Task input: Begin
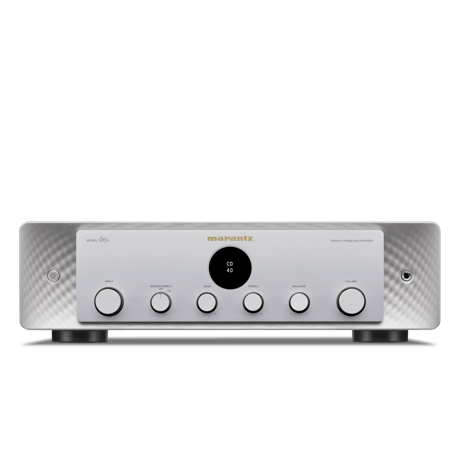 MARANTZ MODEL60n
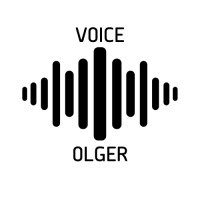 Voice Olger logo, Voice Olger contact details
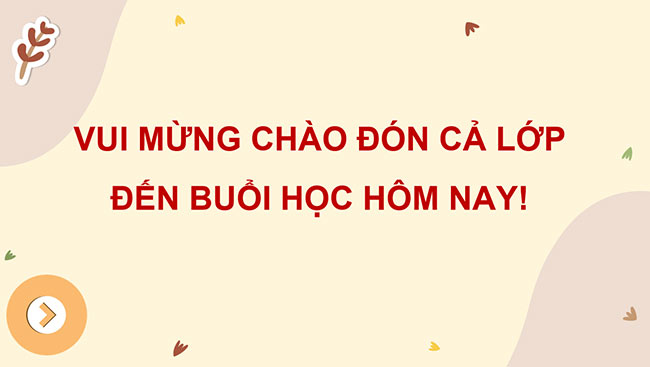 PowerPoint Luyện tập tả người (Tả ngoại hình)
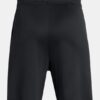 Tech™ Logo Shorts (Extended Size)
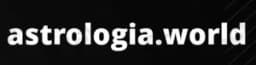 Astrologia World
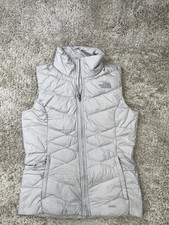 The North Face Vest Womens XS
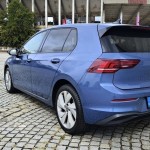 volkswagen-golf-facelift-2024-11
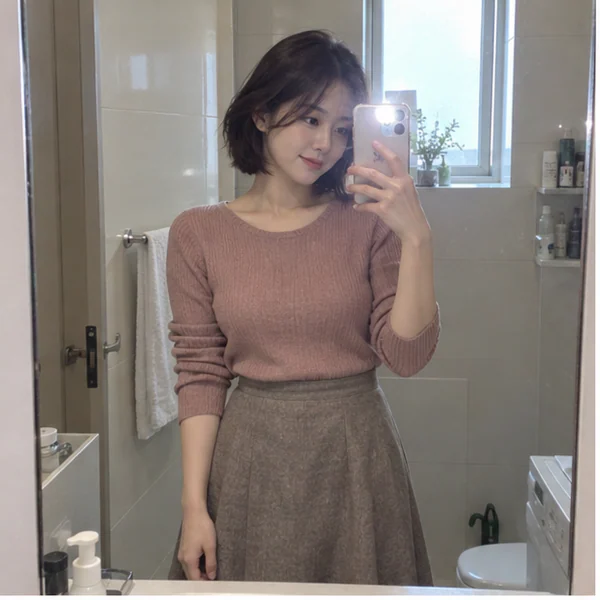 모던 보미살롱 테라피 대표 안내 이미지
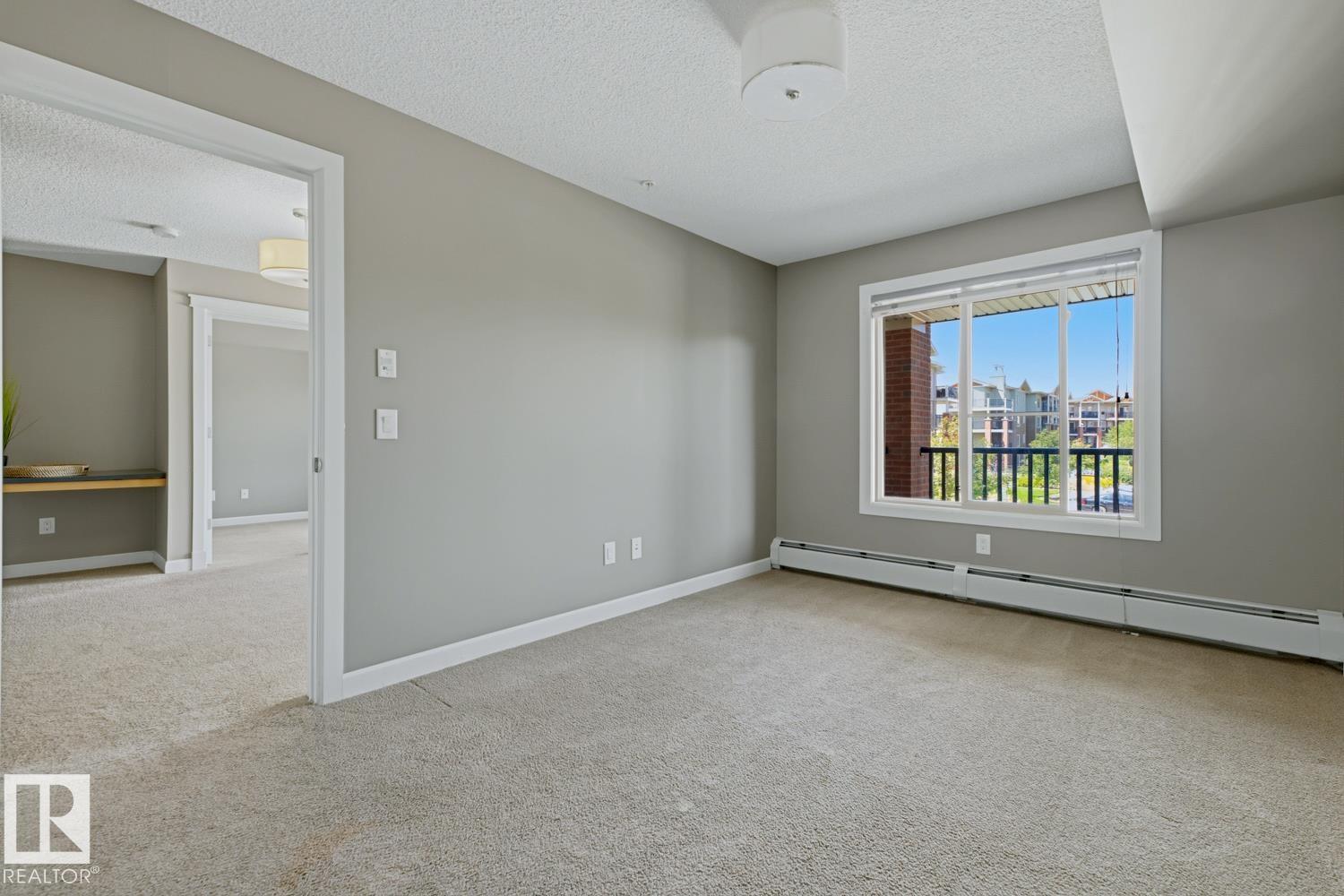 https://zimg.paragon.ice.com/ParagonImages/Property/PM/RAE/225412303/23/0/0/5d955bf96acec1137add1bf3574b5b82/1/fedc9710a17051a78c254c652ac0fe8e/225412303-5fb8f471-7372-4809-990e-b30b8a61d77c.JPG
Task input: End
_Work item_
Output the entries exactly and keep every picture out of them.

_Task answer_
 MARANTZ MODEL60n
 Voice Olger logo, Voice Olger contact details
 PowerPoint Luyện tập tả người (Tả ngoại hình)
 Tech™ Logo Shorts (Extended Size)
 Astrologia World
 The North Face Vest Womens XS
 volkswagen-golf-facelift-2024-11
 모던 보미살롱 테라피 대표 안내 이미지
 https://zimg.paragon.ice.com/ParagonImages/Property/PM/RAE/225412303/23/0/0/5d955bf96acec1137add1bf3574b5b82/1/fedc9710a17051a78c254c652ac0fe8e/225412303-5fb8f471-7372-4809-990e-b30b8a61d77c.JPG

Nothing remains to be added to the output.